Existe-t-il un point où le profit s’efface ? Où l’accumulation s’abolit ? Où la dépense, livrée à elle-même, se découvre une souveraineté qui retourne le calcul et l’accorde à l’ébullition du monde ?
(page 102)
Lilya dit que l’avenir serait comme ce vin clair qui miroite ; elle voulait que tout dans sa vie fût comme ce moment où l’on glisse dans l’eau d’un lac et que la baignade s’élargit au point que le ciel entre dans l’eau, et alors on ne sait plus si l’on nage dans un lac ou dans les nuages.
(pages 395-396)
Quand pour la première fois il pénétra le corps de sa bien-aimée, le Trésorier sut qu’il avait trouvé le paradis.
(page 397)
Le Trésorier-payeur raconta en effet l’origine de la Banque de France. Il dit qu’elle avait été créée le 18 janvier 1800 par Napoléon Bonaparte afin de perpétuer la machine à faire des riches avec le travail des pauvres, et de donner un contenu légal à cette éternelle spoliation. Bonaparte avait été porté au pouvoir par un groupe financier qui n’était pas disposé à s’arrêter de s’enrichir ; et une fois à la tête de l’État, il décida de conférer une légitimité nationale à ce consortium d’hommes d’affaires privées ; son tour de force consista à faire en sorte que l’État français se mette au service d’une banque d’intérêt privé, à l’inverse de ce qui s’était toujours pratiqué.
(pages 382-383)
D’un même geste, l’argent sauve et ruine : dans la crypte où se multiplient les bénéfices des uns, s’effondrent les comptes des autres.

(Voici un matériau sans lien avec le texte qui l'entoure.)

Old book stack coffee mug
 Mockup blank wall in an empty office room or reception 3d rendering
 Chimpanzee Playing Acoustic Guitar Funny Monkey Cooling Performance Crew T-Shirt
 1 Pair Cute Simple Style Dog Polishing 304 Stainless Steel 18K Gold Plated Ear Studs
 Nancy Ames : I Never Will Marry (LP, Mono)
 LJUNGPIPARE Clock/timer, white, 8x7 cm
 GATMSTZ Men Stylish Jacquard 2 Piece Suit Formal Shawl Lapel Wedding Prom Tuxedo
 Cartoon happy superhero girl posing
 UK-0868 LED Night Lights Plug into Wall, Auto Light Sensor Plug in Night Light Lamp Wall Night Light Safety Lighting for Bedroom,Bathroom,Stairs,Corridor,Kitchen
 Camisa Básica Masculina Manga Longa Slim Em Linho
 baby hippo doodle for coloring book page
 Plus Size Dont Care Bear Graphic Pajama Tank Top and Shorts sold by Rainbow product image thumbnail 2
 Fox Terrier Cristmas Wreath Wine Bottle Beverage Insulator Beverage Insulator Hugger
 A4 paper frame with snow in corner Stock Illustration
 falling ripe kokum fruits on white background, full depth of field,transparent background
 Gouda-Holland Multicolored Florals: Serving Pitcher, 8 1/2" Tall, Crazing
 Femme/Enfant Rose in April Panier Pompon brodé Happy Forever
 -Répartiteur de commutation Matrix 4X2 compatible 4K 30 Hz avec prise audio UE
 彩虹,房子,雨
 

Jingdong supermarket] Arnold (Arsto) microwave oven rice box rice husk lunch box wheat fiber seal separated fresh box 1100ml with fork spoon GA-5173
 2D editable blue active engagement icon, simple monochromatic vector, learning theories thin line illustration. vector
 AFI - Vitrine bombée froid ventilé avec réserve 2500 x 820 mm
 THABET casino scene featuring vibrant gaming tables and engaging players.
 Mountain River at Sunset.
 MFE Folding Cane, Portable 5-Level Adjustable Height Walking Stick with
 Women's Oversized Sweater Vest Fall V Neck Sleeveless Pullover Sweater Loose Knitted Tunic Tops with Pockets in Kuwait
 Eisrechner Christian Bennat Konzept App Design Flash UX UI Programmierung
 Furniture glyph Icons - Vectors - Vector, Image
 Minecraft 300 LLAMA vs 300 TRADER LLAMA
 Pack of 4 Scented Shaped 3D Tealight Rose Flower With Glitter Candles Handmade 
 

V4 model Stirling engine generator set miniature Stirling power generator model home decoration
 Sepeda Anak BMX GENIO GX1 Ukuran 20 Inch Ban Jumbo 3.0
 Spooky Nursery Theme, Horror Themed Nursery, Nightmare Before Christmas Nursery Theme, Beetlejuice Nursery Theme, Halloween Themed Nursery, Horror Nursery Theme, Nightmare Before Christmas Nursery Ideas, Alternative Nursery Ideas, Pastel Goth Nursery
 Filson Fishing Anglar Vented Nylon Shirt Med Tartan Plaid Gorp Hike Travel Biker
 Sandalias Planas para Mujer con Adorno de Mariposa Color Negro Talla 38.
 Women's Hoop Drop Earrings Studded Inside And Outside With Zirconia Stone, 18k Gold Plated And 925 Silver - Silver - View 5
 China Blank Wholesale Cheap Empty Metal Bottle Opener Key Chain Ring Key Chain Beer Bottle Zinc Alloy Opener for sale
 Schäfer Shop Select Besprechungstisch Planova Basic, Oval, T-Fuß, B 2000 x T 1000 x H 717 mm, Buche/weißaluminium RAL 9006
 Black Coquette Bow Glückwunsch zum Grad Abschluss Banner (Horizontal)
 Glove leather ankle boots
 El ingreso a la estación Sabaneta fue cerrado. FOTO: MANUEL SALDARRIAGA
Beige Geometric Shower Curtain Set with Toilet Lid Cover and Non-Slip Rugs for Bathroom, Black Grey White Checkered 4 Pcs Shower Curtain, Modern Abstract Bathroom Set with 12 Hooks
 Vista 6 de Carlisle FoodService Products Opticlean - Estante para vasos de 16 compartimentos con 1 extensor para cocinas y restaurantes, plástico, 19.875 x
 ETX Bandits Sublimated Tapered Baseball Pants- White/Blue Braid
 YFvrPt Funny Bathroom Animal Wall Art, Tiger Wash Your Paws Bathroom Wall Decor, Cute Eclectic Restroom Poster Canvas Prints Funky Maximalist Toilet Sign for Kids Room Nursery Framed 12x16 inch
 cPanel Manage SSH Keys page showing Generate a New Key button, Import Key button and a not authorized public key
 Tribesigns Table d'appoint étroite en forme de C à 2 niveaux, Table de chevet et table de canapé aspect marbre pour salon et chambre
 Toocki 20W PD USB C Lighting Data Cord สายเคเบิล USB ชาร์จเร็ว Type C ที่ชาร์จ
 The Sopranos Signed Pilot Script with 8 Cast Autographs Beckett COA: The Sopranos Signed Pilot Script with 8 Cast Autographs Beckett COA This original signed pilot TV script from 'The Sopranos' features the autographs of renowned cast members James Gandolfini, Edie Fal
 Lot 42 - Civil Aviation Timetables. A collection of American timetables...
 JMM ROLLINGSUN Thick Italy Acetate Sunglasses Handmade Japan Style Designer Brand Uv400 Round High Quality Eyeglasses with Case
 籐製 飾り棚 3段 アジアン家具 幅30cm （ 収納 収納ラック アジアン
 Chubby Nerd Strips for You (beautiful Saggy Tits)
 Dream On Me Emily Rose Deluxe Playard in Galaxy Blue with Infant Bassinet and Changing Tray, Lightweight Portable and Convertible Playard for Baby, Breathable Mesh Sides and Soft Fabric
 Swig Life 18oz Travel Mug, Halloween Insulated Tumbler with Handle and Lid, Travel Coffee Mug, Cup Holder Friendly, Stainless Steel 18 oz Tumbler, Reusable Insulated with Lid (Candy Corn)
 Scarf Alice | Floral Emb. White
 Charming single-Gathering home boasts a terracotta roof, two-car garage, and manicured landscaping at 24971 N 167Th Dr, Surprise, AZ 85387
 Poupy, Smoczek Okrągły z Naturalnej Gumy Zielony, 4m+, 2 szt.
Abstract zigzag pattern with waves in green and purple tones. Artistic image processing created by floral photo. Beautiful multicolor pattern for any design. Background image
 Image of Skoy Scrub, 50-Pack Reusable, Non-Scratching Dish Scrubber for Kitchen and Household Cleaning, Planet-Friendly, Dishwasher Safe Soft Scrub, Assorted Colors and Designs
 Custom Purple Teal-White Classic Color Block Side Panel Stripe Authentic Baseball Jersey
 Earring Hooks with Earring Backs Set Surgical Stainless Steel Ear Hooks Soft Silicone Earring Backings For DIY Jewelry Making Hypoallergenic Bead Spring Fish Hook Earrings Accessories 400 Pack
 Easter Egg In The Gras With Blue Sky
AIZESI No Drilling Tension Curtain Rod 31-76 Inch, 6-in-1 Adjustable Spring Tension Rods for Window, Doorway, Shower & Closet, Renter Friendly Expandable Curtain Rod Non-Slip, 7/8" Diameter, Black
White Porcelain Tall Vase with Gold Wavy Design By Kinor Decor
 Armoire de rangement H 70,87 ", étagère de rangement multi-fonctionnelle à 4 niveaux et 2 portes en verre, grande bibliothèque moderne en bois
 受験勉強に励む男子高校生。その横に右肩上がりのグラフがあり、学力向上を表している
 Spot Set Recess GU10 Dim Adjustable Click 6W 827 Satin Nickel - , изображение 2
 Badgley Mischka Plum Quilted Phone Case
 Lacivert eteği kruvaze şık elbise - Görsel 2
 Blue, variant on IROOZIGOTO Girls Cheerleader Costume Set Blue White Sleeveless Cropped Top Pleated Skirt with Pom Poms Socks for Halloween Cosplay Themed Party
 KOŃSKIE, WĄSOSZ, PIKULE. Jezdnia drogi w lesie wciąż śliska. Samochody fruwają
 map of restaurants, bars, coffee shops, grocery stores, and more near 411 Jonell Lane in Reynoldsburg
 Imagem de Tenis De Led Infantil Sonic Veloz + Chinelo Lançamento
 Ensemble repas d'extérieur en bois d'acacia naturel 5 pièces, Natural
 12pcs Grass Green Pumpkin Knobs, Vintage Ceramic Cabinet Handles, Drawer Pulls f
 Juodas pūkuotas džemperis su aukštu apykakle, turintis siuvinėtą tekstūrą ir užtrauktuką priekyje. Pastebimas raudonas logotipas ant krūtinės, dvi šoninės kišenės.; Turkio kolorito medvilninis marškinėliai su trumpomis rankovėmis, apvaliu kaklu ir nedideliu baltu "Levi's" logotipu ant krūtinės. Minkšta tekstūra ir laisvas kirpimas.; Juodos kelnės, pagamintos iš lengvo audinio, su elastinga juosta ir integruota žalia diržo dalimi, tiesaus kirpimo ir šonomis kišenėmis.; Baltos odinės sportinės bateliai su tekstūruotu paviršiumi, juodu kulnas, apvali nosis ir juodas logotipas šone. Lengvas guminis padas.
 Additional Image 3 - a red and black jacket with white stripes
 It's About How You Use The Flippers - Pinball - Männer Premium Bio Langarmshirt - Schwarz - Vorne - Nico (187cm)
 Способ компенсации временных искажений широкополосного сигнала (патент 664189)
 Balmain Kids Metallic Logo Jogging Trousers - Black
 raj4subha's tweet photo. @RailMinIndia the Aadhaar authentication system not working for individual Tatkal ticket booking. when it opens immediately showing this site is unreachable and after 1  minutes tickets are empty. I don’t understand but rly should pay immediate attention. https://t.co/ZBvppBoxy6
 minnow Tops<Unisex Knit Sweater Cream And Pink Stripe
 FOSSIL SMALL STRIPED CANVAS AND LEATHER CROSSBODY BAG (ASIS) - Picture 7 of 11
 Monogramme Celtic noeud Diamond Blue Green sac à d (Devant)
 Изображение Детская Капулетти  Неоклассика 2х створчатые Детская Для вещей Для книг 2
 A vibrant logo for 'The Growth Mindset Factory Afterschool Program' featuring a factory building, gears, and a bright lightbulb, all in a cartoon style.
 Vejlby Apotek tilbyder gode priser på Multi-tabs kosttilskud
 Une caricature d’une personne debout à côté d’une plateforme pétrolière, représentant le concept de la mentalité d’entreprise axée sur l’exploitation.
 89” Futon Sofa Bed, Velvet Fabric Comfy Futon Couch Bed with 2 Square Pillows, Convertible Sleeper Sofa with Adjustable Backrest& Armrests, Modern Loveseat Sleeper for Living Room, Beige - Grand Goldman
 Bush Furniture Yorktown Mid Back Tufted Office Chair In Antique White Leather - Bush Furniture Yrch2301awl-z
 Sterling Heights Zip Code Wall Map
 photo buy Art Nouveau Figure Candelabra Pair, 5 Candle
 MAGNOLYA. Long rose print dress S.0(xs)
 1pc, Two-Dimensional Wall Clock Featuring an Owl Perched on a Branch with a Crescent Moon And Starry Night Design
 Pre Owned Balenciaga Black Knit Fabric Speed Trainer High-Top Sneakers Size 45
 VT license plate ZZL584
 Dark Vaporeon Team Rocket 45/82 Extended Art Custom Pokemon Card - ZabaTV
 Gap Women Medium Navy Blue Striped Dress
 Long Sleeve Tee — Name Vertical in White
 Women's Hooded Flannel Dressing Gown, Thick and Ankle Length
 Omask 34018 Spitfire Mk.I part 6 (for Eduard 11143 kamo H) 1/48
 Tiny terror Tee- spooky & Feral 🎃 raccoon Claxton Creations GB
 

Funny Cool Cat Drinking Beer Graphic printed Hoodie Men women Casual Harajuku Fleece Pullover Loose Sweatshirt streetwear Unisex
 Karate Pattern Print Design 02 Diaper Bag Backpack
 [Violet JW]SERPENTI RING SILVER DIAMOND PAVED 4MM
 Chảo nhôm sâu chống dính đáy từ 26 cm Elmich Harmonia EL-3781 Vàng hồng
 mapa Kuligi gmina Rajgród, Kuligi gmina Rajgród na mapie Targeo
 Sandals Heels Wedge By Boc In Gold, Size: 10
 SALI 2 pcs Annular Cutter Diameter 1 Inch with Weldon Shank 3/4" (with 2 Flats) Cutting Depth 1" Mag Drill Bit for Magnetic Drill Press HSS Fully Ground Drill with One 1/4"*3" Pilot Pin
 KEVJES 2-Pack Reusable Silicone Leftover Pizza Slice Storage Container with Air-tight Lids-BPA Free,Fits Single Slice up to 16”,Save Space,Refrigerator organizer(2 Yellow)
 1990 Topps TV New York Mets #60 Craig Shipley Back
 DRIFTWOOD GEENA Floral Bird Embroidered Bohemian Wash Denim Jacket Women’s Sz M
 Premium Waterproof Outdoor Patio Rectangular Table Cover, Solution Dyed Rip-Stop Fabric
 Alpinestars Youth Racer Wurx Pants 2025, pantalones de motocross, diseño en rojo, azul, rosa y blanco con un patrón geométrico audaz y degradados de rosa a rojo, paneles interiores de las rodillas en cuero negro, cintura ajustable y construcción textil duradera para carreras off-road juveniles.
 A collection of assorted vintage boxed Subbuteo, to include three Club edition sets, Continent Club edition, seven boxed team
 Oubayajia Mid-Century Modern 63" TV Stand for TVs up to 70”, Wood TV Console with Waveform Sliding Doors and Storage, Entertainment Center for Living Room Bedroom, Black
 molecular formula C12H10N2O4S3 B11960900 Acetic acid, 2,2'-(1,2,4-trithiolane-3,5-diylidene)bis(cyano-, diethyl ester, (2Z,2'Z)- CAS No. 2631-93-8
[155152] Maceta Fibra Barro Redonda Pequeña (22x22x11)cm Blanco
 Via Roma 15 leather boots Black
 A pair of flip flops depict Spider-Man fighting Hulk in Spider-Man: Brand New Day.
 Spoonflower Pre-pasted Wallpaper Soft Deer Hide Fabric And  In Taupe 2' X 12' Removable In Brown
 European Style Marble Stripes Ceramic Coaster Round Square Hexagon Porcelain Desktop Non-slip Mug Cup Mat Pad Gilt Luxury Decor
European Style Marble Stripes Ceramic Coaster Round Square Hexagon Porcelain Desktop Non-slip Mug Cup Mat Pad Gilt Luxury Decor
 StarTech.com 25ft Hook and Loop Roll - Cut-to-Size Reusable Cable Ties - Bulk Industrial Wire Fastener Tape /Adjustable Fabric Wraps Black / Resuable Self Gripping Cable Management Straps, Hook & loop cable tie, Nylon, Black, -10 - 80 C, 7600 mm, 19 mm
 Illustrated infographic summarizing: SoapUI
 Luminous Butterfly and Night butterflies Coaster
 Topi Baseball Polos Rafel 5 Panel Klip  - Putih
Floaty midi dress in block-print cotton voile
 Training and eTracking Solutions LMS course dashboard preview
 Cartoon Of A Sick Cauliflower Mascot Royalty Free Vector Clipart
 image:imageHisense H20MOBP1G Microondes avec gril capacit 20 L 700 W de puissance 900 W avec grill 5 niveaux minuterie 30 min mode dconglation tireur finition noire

La société ne cesse de dépouiller ceux qui n’ont rien ; elle veut, en leur prêtant l’argent qui les asservit, que même les pauvres participent au banquet funèbre de la dette : ce fonctionnement s’appelle l’économie.
(page 222)
Les intellectuels ne se promènent pas torse nu, ils meublent leur appartement avec soin et se battent pour le pouvoir ; lui semblait flotter comme un ange à l’intérieur du monde des idées.
(page 315)
Dans sa tête, un monde aussi sauvage que celui qui bondit sur les parois de Lascaux ou de la grotte Chauvet avait commencé à creuser ses galeries ; ainsi voyait-il sa vie comme une quête : il cherchait une chose obscure, une chose dont il avait entrevu la vérité en descendant dans les coffres de la Banque de France.
(page 154)
Ce qui chatoie lorsqu’on fait l’amour est aussi doux que le plaisir lui-même ; des ombres chaudes passent d’un corps à l’autre, et la lumière qui pénètre les corps les arrache à la pesanteur : c’est la vraie joie.
(page 320)
Nous le pressentons, nous l’espérons, nous le savons : il existe un plaisir plus grand que nous, si grand que, si nous étions capables de le ressentir, il nous effacerait. Nos corps seraient d’abord soulevés, comme dans les plus belles étreintes, puis entraînés dans une spirale de lumière où, tournoyant sur eux-mêmes, comme des cercles de feu, ils se volatiliseraient. Le poudroiement des étoiles est l’horizon de nos désirs.
(pages 293-294)
Il n’y a rien de plus beau qu’un roman qui s’écrit ; le temps qu’on y consacre ressemble à celui de l’amour : aussi intense, aussi radieux, aussi blessant. On ne cesse d’avancer, de reculer, et c’est tout un château de nuances qui se construit avec notre désir : on s’exalte, on se décourage, mais à aucun moment on ne lâche sa vision.